清风撇撇嘴,说道:“我可是殿下的贴身书童,再说世子殿下现在的脾气这么好,哪怕有人当面骂他,他也不会像以前一样发怒杀人了。”
莫秋蝶突然停了下来,转头说道:“拐过这个街道就是明月楼了,世子殿下留步吧。”
卢晓航点点头,看着莫秋蝶和小花拐过了街道。
清风低声嘀咕道:“人影都没了,殿下你就别痴情了。”
卢晓航伸手捏住清风的脖子,假装恶狠狠地说道:“今天我要跟你讲一遍世子院子里的规矩!”
第11章 李自成出山()
卢晓航开仓放粮的半个月之后,李自成带领十八名手下从商洛山中杀出,闯王大旗再一次出现在这片土地之上。
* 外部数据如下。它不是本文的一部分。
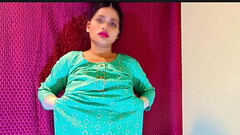 बेहद खूबसूरत देसी गर्ल अपने बॉयफ्रेंड के साथ रोमांटिक सेक्स करती है Thumb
河南饥荒,官绅地主拒绝放粮,只是趁着饥荒吞入大量土地。
无数黎民百姓失去了赖以生存的土地,卖儿卖女之后仍然看不到一丝活着的希望。
闯王的大旗仿佛让他们看到了一条生路,一时之间饥民蜂拥而至,李自成瞬间聚集了数万人。
消息传到了河南,卢晓航默默地叹了句:“早了半年。”
当夜,卢晓航偷偷潜入书房之中,见到了半个月未曾见到的福王。
福王开口说道:“这些日子你做的不错,不知你有何事如此着急见我?”
卢晓航开口说道:“父王,闯王出山了。”
福王淡淡地说道:“一个逆贼而已,成不了什么大气候。”
卢晓航急切地说道:“这个闯王会成大气候的。”
福王眉头皱了皱,说道:“听闻他出山的时候身边就有十八个人,这样的反贼太平盛世我也见过不少,能成什么气候?”
卢晓航说道:“正是因为现在不是太平盛世,所以他才能聚集更多的人。”
福王笑了笑:“崧儿,你多虑了,就算他聚集十万人,难不成他们还能凭借锄头敲开洛阳城的大门?”
卢晓航说道:“人心向背,祸起萧墙。”
福王问道:“你不是已经发放了半个月的粮食了么?怎么还说人心向背?”
卢晓航说道:“我只是发放粮食,闯王不需多做,只需散播两句话,洛阳城必能不攻自破!”
福王目光一紧,身体前倾问道:“哪两句?”
卢晓航一字一句说道:“开门迎闯王,闯王不纳粮!”
福王想了想,卸了一口气倚在书桌后面的椅子上,说道:“那我们只能把城里的饥民赶出城去,这两句口号只对那些饥民有用,城里的人本来就不纳粮。”
卢晓航说道:“不可,首先根本无法完全根除,都是土生土长的洛阳人,城里有亲戚的不在少数。倘若那样做不仅前功尽弃,而且人心向背。洛阳城一战必下!”
福王抬起头,盯着卢晓航说道:“你有什么办法?”
卢晓航说道:“我想知道王府的全部力量。”
福王笑了笑,说道:“全部力量不都在府中了么。”
卢晓航也笑了,说道:“父王,你被人从京师赶出来之后难道真的没有想过回去?”
福王面色一变,继而摇头苦笑道:“你若不是孤王的儿子,仅凭这一句话今天孤王就不能放你活着走出这间屋子。”
卢晓航得到了准确的答案,笑了笑说道:“父王,你胆子真大。天子眼下也敢动这等心思。”
福王叹声说道:“咱们朝代的这些王爷,有机会的谁没动过这些心思。只不过老天只给了成祖一个人机会。其他多少王爷只能背着一个昏庸无比的骂名进了棺材。”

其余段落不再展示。